Halten wir kurz fest :
- "Faschismus" und "Rassismus" ist ein Unterschied. Faschismus bezeichnet eine Art, ein Land zu führen, eine Herrschaftsform, so wie .. hm.. Theokratie oder Aristokratie. Darum gehts hier nicht. Faschismus wäre, wenn die Elfen Herrschaftsanspruch über die Orks (und alle anderen Völker nebei natürlich ebenso) erheben würden, weil die Orks per Definition "böse" sind.
- Rassismus bedeutet, die einzelnen Rassen zu werten - die eine ist mehr wert, toller, besser, die andere weniger. Eine solche Feststellung, nämlich daß ein Elf mehr wert ist als ein Ork, wird in keinem mir bekannten Regelbuch getroffen. Es ist eine Sache, des Betrachters, ob ein per Definition schönes, intelligentes, magiebegabtes Volk (elf) mehr "wert" ist als ein starkes, diszipliniertes, waffen- und kriegstechnisch äusserst geschicktes Volk (ork). Damit hängt Rassismus an jedem einzelnen, der diese Werteinschätzung trifft.
- Wie viele vor mir bereits geschrieben haben, dient die Kathegorisierung von Rassen / Völkern in "gut" und "böse" in der Fantasy nicht der Propaganda von Rassismus, sondern der Ermöglichung sofort verständlicher Spannungsbögen - wie in jedem Spielfilm, wie in jedem Krimi, wie in jedem Unterhaltungsgenre auf der ganzen Welt. Es kommt allein auf die Spieler und Spielleiter einer Runde an, wie "platt" man einen Plot halten muss oder will, damit ihn alle verstehen und lösen können und damit er für alle interessant ist. Damit ist das Kathegorisieren von "guten" und "bösen" Kreaturen eine reine Auslegungssache derjenigen, die diese Welt machen - nämlich die Spieler und Spielleiter. Nur, weil Tolkien der erste war, der solch einen Spannungsbogen zwischen zwei real nicht existierenden Rassen aufbaute, heisst das nicht, daß er Rassist ist. Um das nochmal kurz anzureissen : Tolkien hat die Orks niemals als "gross & dumm" beschrieben. Die tatsächlichen Ork waren eher recht intelligente Schleimer, Schleicher und Trickser, eben gebrochene Elfen. Das "gross, dumm und grün"- Klischee trifft eigentlich nur die Uruk-hai - eine Mischung von Orks und Menschen.

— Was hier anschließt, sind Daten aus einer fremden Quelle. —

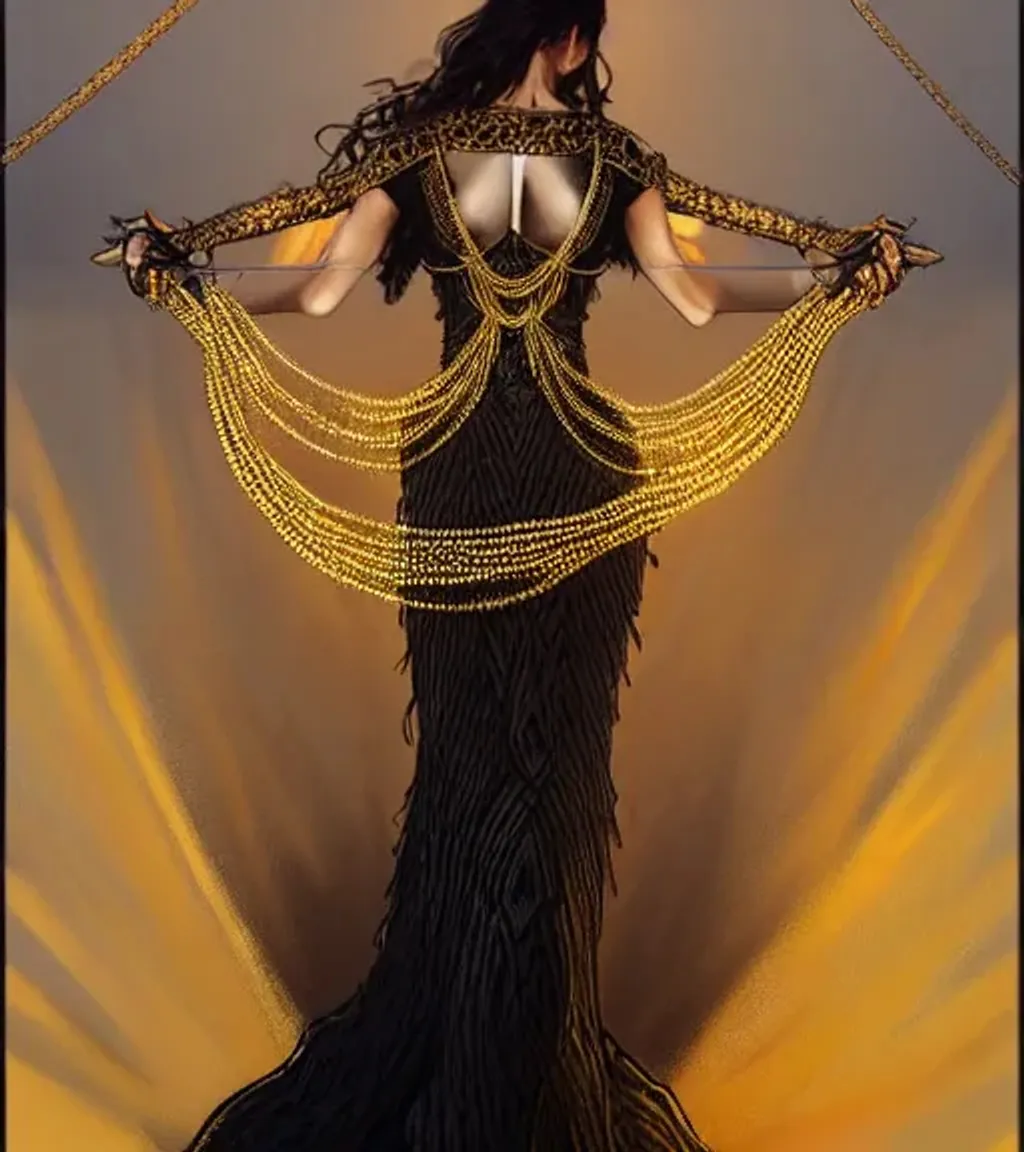 Prompt: dress made out of spiked golden chains. bound by black chains, golden collar, golden eyes, elegant updo, fantasy, screaming, dramatic, digital painting, artstation, smooth, sharp focus, illustration, art by artgerm and greg rutkowski and alphonse mucha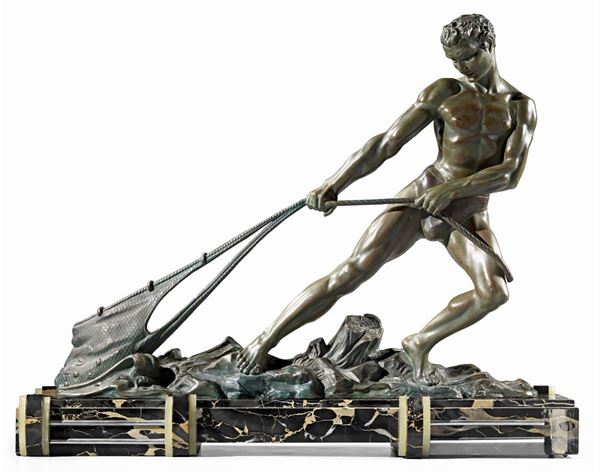 Scultura raffigurante «Pescatore nudo che traina una rete»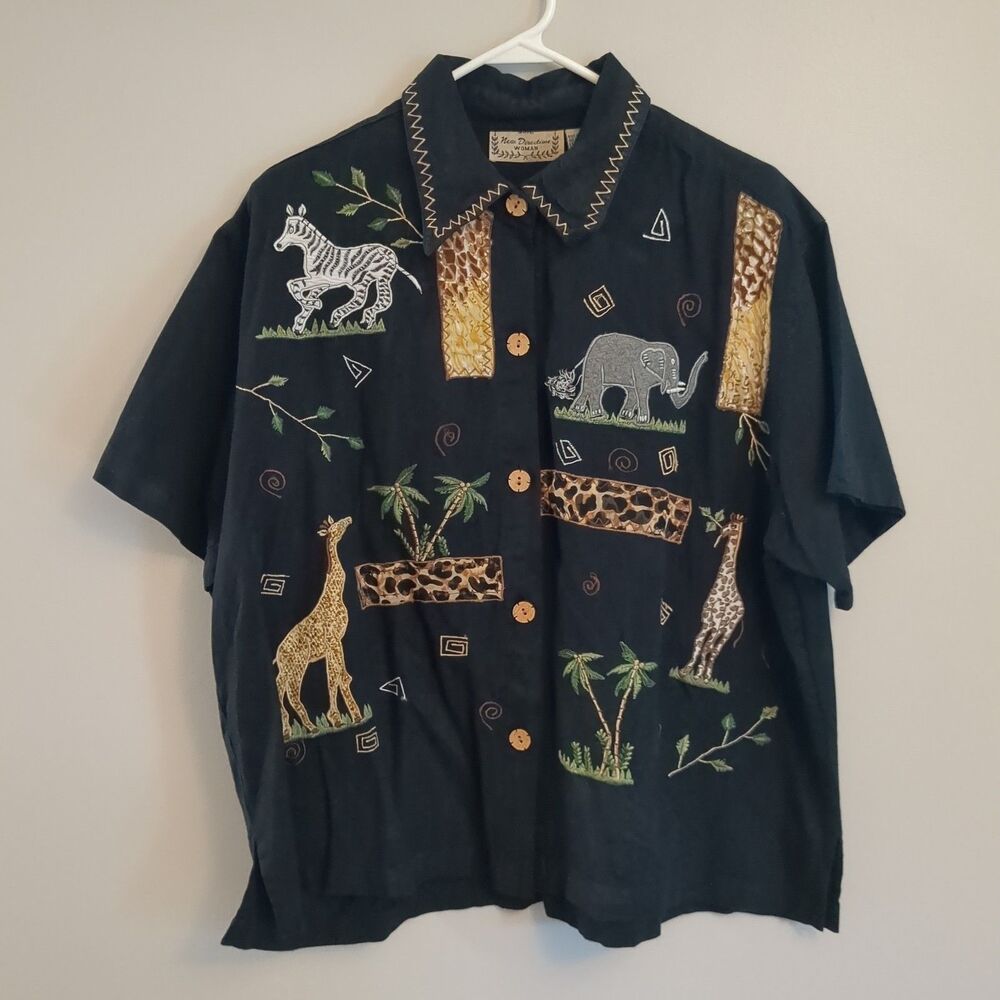 New Direction Safari Animal Embroidered Linen Cotton Button Front Shirt Women 2X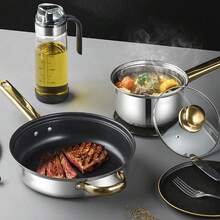 18-Piece Stainless Steel Pots & Pans Set, Includes 6 Pots With 6 Lids & 6 Cooking Spatulas, Rustproof & Non-Stick Cookware Kit, Induction Hob Compatible Saucepans With Lids, Durable Kitchen Cooking Set For All Stovetops - View 7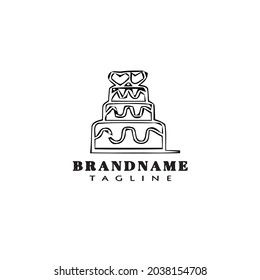 cute cake logo design template icon modern vector black illustration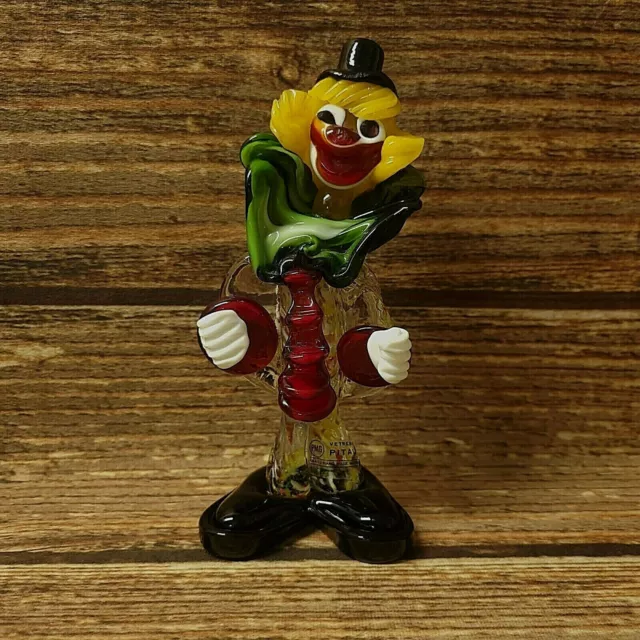 Murano PMG Vetreria Pitau Glass Handmade Clown 7.5"H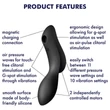 Satisfyer Curvy Trinity 2 - léghullámos 2in1 vibrátor (fekete)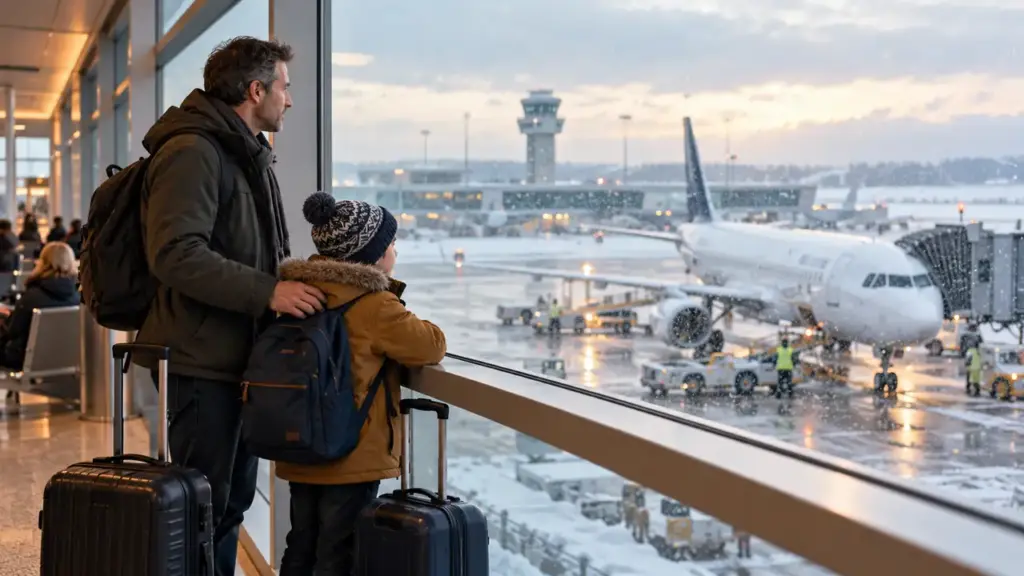 A father and school-age child beside carry-on bags watch an airplane through airport windows in light snow.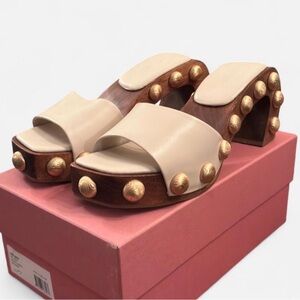 Cult Gaia Devora Gold Studded Mule Sandal in Off White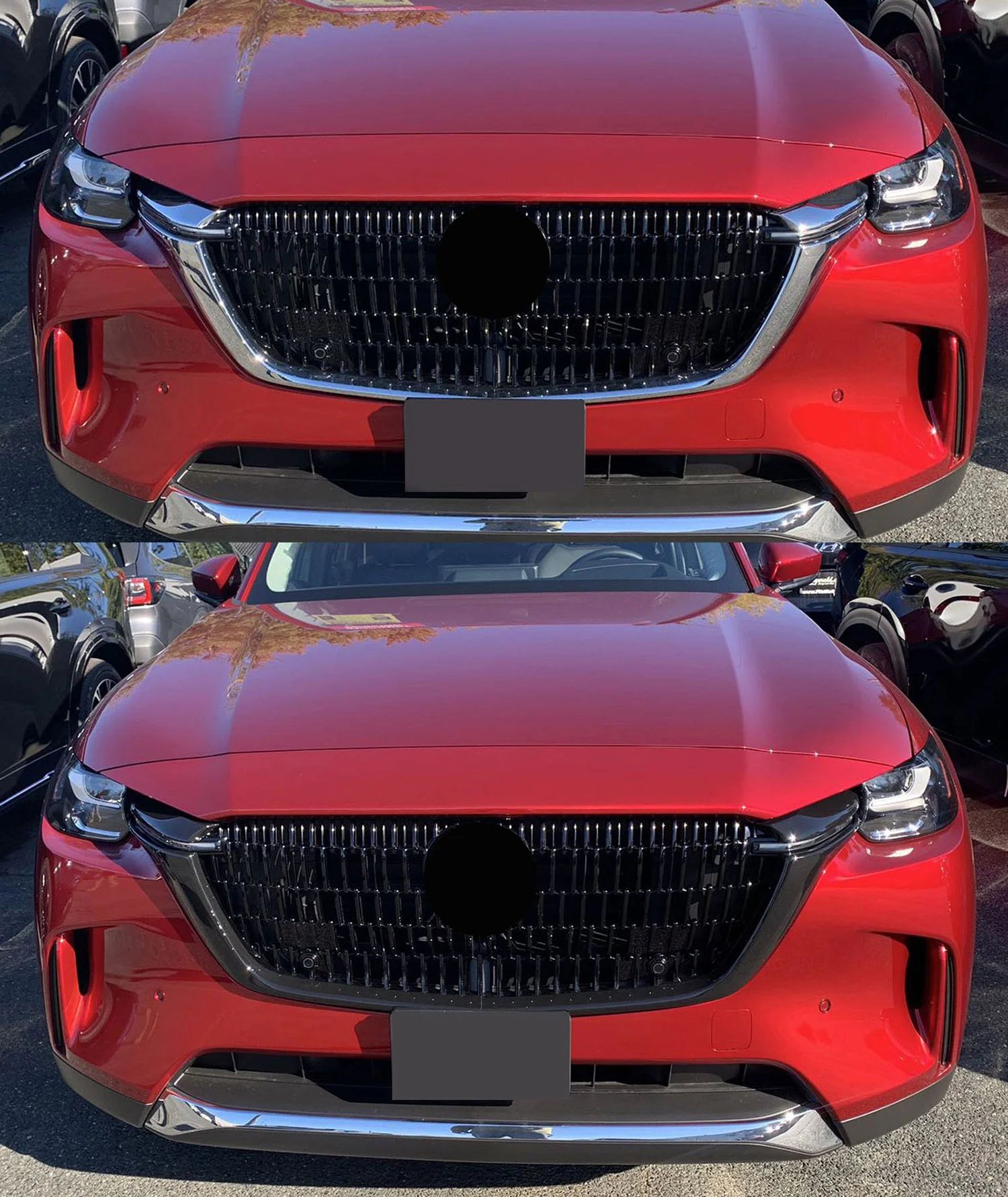 2024-2025 Mazda CX-90 Grille Overlay Gloss Black 4Pcs ABS Plastic - Image 5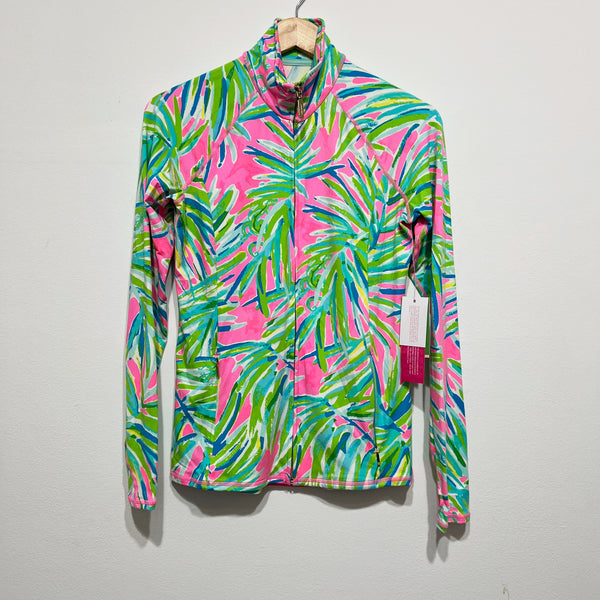 NEW Lilly Pulitzer Luxletic Serena Zip Lightweight Jacket Pink Sunset Royal Lime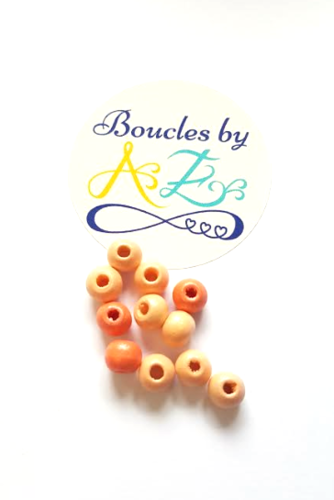 Perles en bois mix orange 6mm x50.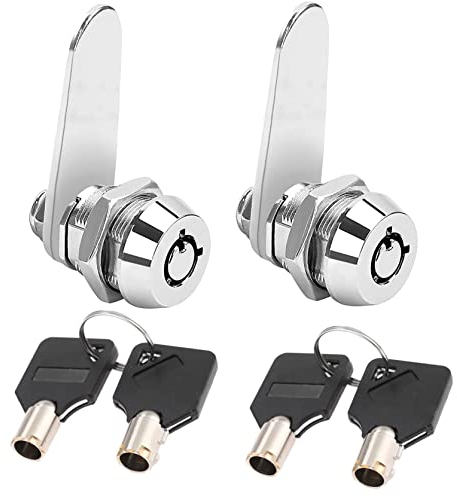 Litensh 2PCS Cerradura tubular de leva de rosca de 16 mm, cerradura de buzón de 5/8 pulgadas, cerradura cilíndrica para puerta, cajón, armario, buzón con llaves iguales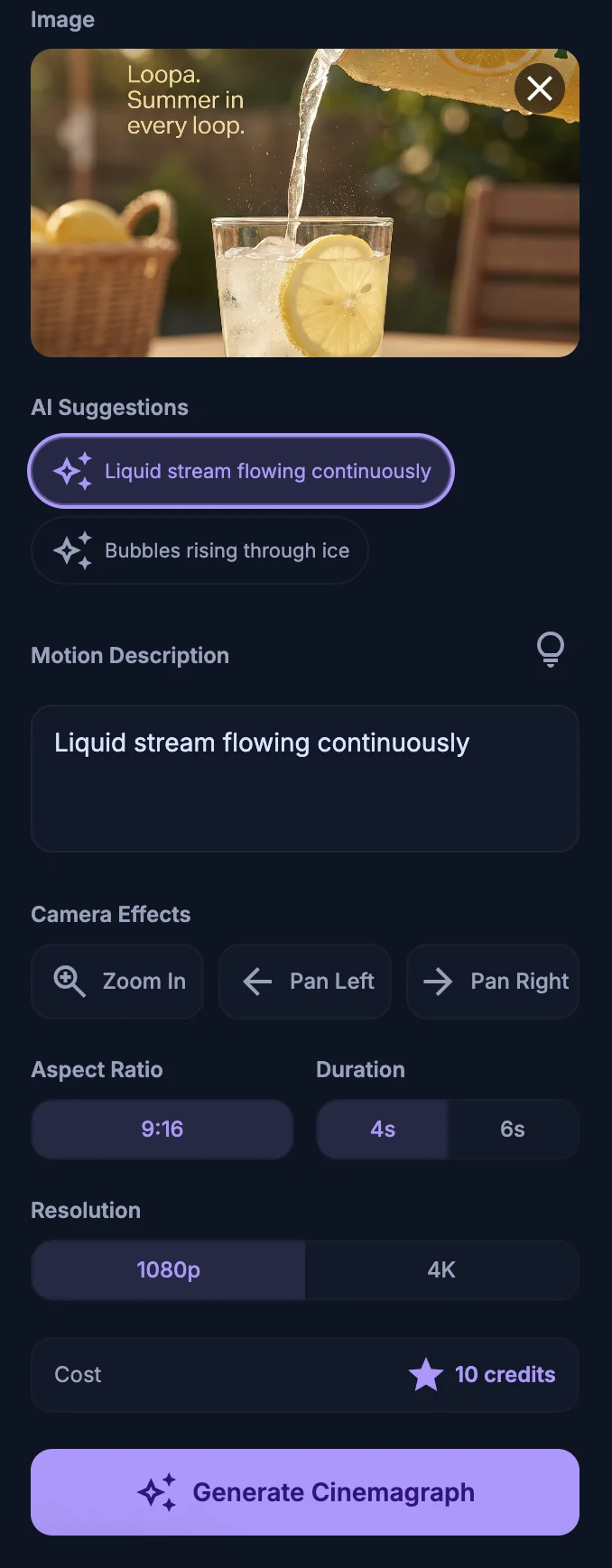 Loopa Studio cinemagraph tool — image dropped in, AI suggesting 'liquid stream flowing continuously' and 'bubbles rising through ice', motion description filled in, 9:16 aspect ratio selected
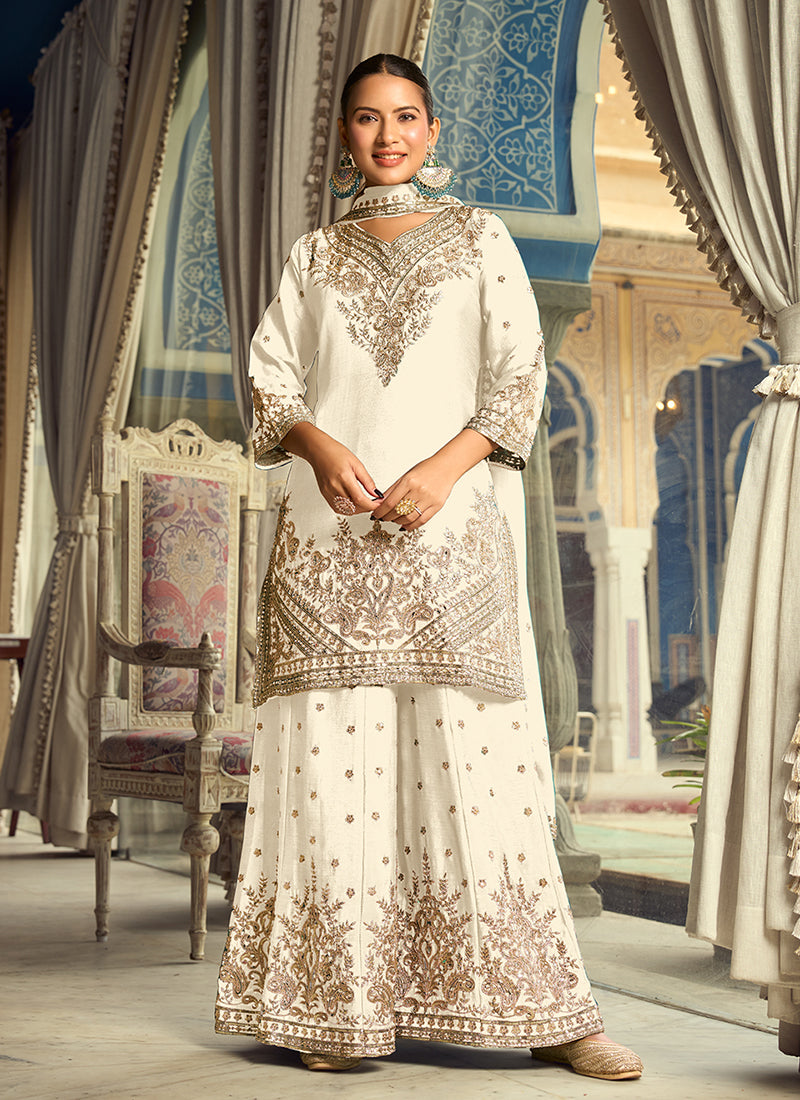 Off White Embroidered Silk Palazzo Suit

- Was zutrifft ist : Die Rassen der klassischen Fantasywelten untereinander haben den jeweils anderen gegenüber Vorurteile. Der Durchschnitt der Elfen wird von dem Durchschnitt der Orks behaupten, böse, hirnlos, fies, usw. zu sein. Der Durchschnitt der Orks wird vom Durchschnitt der Elfen behaupten, grausam und vorurteilsbehaftet zu sein und ihnen keine Chance zu lassen, das Gegenteil zu beweisen. Das ist auch kein Rassismus - das ist ein Stereotyp, denn es *stimmt* ja auf weite Teile des jeweiligen Volkes ! Auch hier wieder ist es rein Sache von SL und Spieler, diesem Stereotyp zu folgen oder nicht zu folgen. Ein Spieler muss diesem Stereotyp nicht folgen, aber er kann (bei einem Paladin z.b. macht es durchaus Sinn - bei einem Barden im Klassischen Sinne wohl eher nicht).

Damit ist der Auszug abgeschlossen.